We Brits tend to be eye-rollingly priggish about perceived Americanisms. The hilarious part is that many were in common use in Britain at one time and we stopped using them and America didn’t. So when we tut at these new-fangled American words for stuff we’re being even more idiotic than everyone else is thinking.
One thing that does annoy me, though, and I’m really not sure why, is when British authors use common American English words that we just don’t use much here. “Trash” and “garbage” are (for some reason) common examples. Are they doing this to make the writing more comfortable for American readers? If so, that’s really patronising. Is it something their editors tell them to do?
I think it’s the fact that it’s just so pointless that annoys me. As though Americans are incapable of translating the one true English into their filthy hybrid ;)
@Sea Monster:
It’s definitely older than that. I spent the majority of the 70s being pissed off and explaining my condition to everyone within range. Perhaps it was a regional thing.
@Claire:
My accent is an unholy mixture of North Yorkshire, Geordie and Teesside. I have a seriously difficult time being understood in America and especially – for some reason – in Canada. People just stare at me as if their brains can’t process the sounds my mouth is making as even words, let alone English ones. I’m always tempted to talk like Dick Van Dyke because we all know that’s how Americans think we talk and maybe they’ll finally understand me.

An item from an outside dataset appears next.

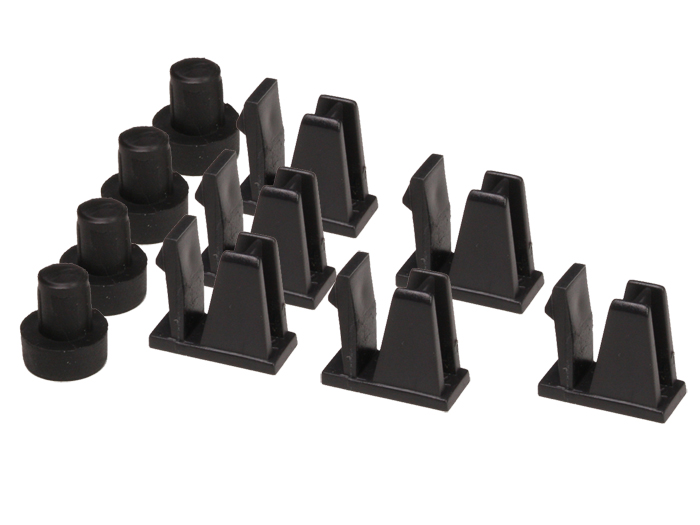 Retex Serie 110 (1-2-3-4) - Jogo Patas e Tampas (1-2-3-4) - 61110001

Oh, and yeah, “puppet”? WTF?
“Poppet” is not an endearing term, though. I think it comes from the obvious reference to a child’s doll and is – needless to say – almost exclusively used to refer to women or to men with whom the speaker has a familiar, infantile sort of relationship. A parent might call their male child “poppet”, for example, but otherwise, it is a condescending term of supposed endearment for women. Thankfully, it’s no longer very common. At least, I haven’t heard it used since my grandmother died.
She didn’t call me “poppet” though. She called *my brother* “poppet”. Now you see where all this rage comes from.